• _INSTRUCTIONS FOR THE TASK_: Please return the listing below exactly, without any of its pictures.

----

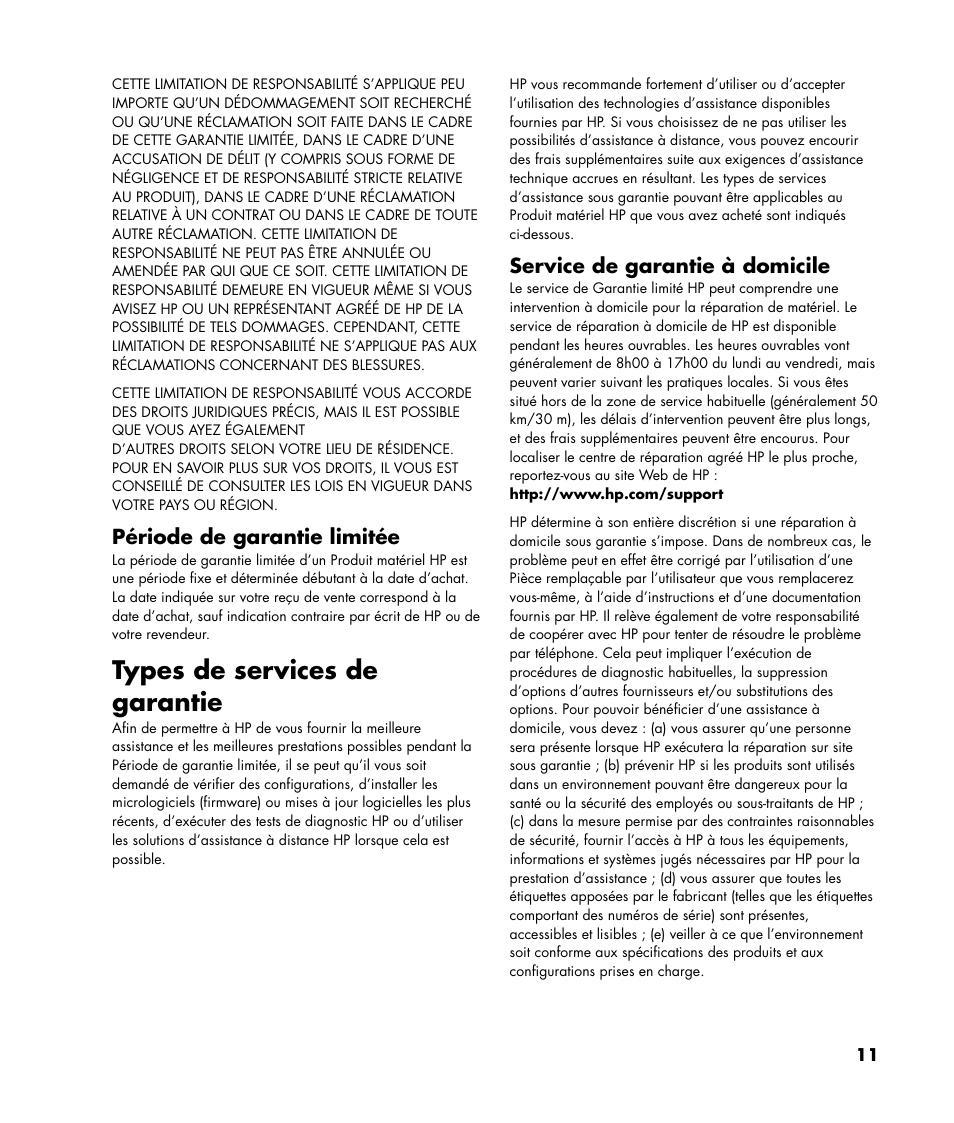 Types de services de garantie, Période de garantie limitée, Service de garantie à domicile | HP Pavilion SLC3200N User Manual | Page 11 / 20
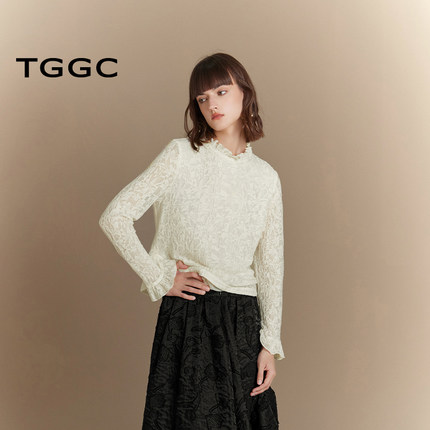 台绣新中式针织衫优雅提花羊毛混纺花边领口开叉上衣秋款S37095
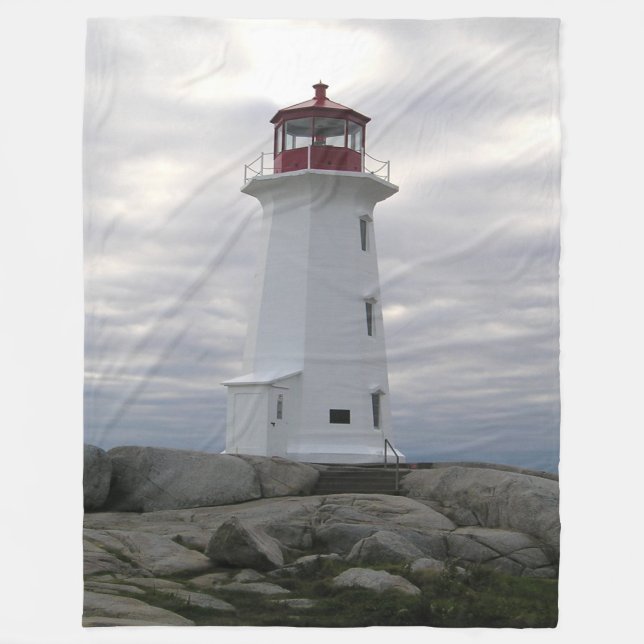 Peggy's Cove Lighthouse Fleece Blanket( 3 sizes ) (Front)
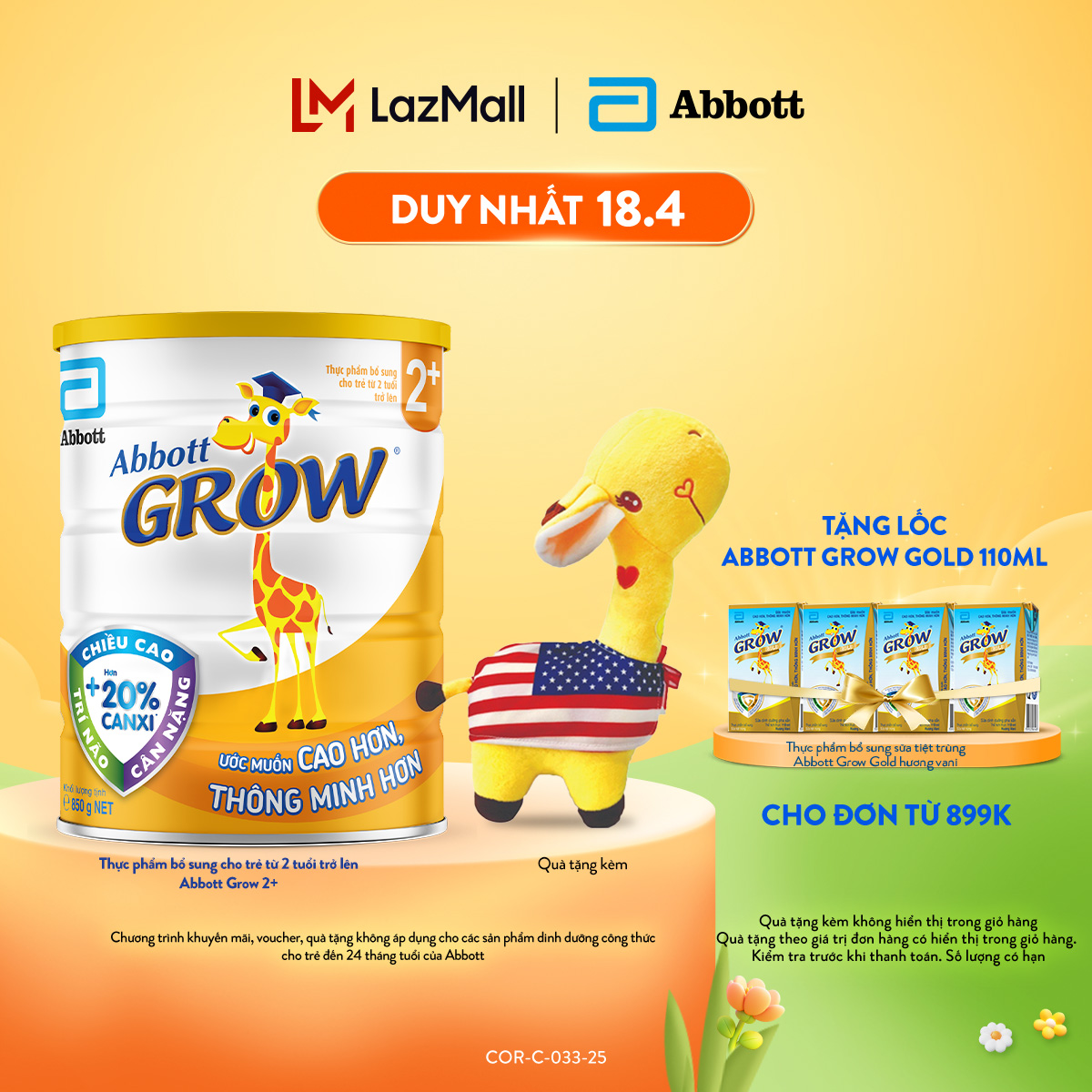 [CHỈ 18.4 TẶNG QUÀ CHO ĐH 899K-SLCH] Sữa bột Abbott Grow 2+ 850g tặng Hươu bông cờ Mỹ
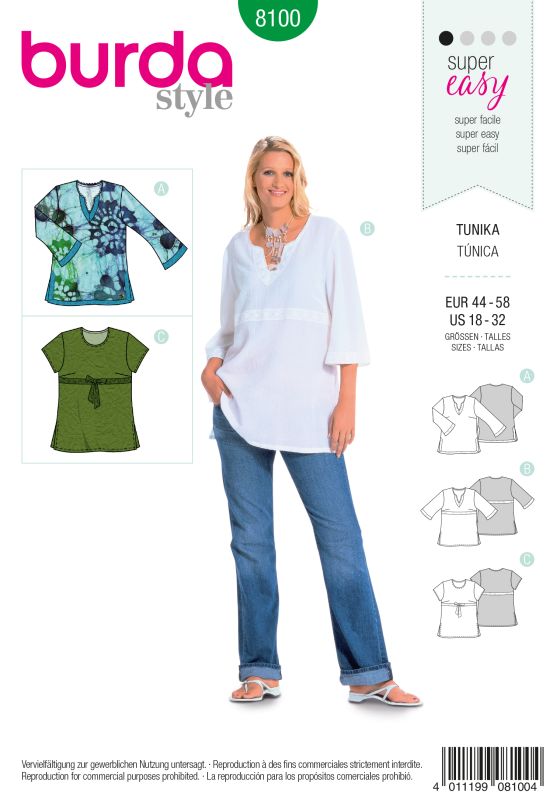 Schnittmuster Tunika Burda 8100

----

• _RESPONSE TO THIS EXERCISE_:
 Types de services de garantie, Période de garantie limitée, Service de garantie à domicile | HP Pavilion SLC3200N User Manual | Page 11 / 20
 台绣新中式针织衫优雅提花羊毛混纺花边领口开叉上衣秋款S37095
 Peggy's Cove Lighthouse Fleece Blanket( 3 sizes ) (Front)
 [CHỈ 18.4 TẶNG QUÀ CHO ĐH 899K-SLCH] Sữa bột Abbott Grow 2+ 850g tặng Hươu bông cờ Mỹ
 Schnittmuster Tunika Burda 8100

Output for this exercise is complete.